First, here are the key elements of good game design:

It’s inviting – New users should be able to quickly and intuitively pick it up without a lot of training or hand-holding.

It provides immediate feedback – If you pull off a trick move, you’re rewarded immediately with a satisfying thwack. If you flub it, you get a mouthful of battleaxe and an opportunity to try again.

It provides easily achievable goals, and gradually makes them more complex – Great games balance the learning curve from start to finish; always keeping you right at the edge of your abilities.

It provides the player with a clear sense of progress – Levels, abilities, flaming armor – you are constantly rewarded for your investment in the game.

Now for a challenge. I want you to think of a video game that you really love, or if you’re not into games, think of an incredibly popular game that you’re familiar with. I want you to play this game from the beginning, and try to identify how it applies these principles. How does it help you up the learning curve? How does it reward you for achievement? How does it raise the bar? How does it reflect your progress?

With that in mind, let’s talk about how you can apply game design principles to your product.

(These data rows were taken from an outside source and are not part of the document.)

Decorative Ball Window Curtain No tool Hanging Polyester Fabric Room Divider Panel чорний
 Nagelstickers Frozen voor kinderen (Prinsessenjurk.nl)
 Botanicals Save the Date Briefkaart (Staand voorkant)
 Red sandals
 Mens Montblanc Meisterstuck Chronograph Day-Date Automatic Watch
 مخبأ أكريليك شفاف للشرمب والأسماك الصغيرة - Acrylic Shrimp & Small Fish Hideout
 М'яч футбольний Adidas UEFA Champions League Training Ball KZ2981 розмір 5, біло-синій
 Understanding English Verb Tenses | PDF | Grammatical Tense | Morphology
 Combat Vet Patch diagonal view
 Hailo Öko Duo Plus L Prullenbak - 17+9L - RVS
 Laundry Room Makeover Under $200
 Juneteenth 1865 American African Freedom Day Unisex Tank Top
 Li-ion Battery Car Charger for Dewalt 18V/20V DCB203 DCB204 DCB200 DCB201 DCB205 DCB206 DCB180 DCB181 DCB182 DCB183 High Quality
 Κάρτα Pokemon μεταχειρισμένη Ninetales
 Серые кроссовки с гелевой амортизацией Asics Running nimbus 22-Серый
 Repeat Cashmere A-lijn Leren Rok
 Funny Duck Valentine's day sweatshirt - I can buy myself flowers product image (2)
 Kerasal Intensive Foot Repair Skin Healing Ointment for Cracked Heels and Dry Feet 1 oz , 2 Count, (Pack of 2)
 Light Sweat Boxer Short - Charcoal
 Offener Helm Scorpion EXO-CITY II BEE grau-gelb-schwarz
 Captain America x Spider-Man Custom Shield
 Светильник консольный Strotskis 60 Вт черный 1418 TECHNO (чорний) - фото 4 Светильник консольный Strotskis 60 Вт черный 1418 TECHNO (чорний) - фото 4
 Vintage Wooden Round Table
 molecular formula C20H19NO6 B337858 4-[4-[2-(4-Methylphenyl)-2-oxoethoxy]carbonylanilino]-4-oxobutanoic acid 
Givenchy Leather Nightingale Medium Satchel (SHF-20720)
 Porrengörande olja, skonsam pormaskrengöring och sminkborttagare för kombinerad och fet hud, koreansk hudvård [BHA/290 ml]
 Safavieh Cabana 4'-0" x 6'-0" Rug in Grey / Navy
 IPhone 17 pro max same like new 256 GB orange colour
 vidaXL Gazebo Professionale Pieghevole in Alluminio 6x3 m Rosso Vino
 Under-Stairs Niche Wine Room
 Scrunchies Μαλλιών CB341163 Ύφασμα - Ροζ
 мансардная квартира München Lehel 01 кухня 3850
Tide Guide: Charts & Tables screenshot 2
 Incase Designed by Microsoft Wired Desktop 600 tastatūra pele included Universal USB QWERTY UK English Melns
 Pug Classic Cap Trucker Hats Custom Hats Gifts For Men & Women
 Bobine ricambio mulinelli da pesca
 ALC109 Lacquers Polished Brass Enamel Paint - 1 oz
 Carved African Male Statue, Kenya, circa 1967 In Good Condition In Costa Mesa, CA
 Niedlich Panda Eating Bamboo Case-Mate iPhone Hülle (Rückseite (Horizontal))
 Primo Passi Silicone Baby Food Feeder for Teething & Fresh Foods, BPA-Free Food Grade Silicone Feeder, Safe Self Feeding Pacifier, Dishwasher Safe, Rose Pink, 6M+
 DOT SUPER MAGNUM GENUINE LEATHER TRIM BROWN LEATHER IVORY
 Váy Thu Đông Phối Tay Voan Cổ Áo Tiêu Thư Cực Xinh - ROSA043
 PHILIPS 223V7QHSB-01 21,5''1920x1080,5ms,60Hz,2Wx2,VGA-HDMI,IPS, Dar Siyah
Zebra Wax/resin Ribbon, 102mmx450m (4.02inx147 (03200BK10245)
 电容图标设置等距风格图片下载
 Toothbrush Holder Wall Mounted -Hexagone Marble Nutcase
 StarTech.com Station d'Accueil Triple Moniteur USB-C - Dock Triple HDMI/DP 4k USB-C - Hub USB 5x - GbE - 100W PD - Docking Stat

Applying Game Design Principles to Your Product

Here are some key principles you should leverage to create an engaging and rewarding product experience:
Evolve the experience – Understand the level of context and skill your user has at every stage, and introduce new features and functionality to them at the time that they are ready for it. Don’t throw a new user into an advanced mode with dozens of options. Start off with an easy and rewarding flow, and allow them to unlock more advanced functionality.
Create a core loop – Your workflows should begin with a goal, take them through a set of teachable actions, finish with a reward for completing the goal, and an incentive to do it again.
Challenge them – By this, I don’t mean to intentionally make their experience harder. I mean present them with an explicit goal and tease them with a reward at the end. When they accomplish that goal, present a new, more advanced goal that comes with a greater reward.
Instill a sense of ownership – It’s a common psychological trope that if you give someone a thing, they will assign it more value than if you asked them to buy it. Once they feel ownership of something, they won’t want to part with it. Think about your Spotify playlists, your audiobooks on Audible, or your level 100 warlock in World of Warcraft. Create digital assets that they can invest time into creating and customizing, that will disappear if they quit, and they will be less likely to switch to a competitor.
Create a community – Games are just more fun to play with friends. Products are the same. Now, don’t just tack on a meaningless share button. Create an experience that is inherently better when shared with other people. Uploading your photos to a backup site is certainly valuable, but sharing photos with friends and relatives is something else altogether.

Great Gamification Examples

Here are some examples of product I love that use game design principles to create engaging user experiences:

Fitbit – The ubiquitous step tracker has done a great job in gamifying fitness. The daily 10k goal is their core gameplay loop. Leaderboards add a social competitive aspect. The real kicker is Fitbit Adventures, which allows you to go on a quest follow a pre-defined path, visit landmarks, and collect treasures.

Forest – This is a game about focus, where you win by not playing. When you open the app, you plant a seed, and by not messing with your phone, it will grow into a tree. Close the app and the tree dies. You terrible person! The “game” motivates you to put away your phone and get your work done in the real world. It’s essentially a virtual pet, which creates a sense of ownership.

SuperBetter – This gamified productivity app allows you to create goals and challenges, and level up your character (i.e. you) as you accomplish them. They rely heavily on a scientific approach to using gameplay to achieve results.

As you can see, these products use gameplay mechanics at the core of their experience, not tacked on as a gimmick or after thought.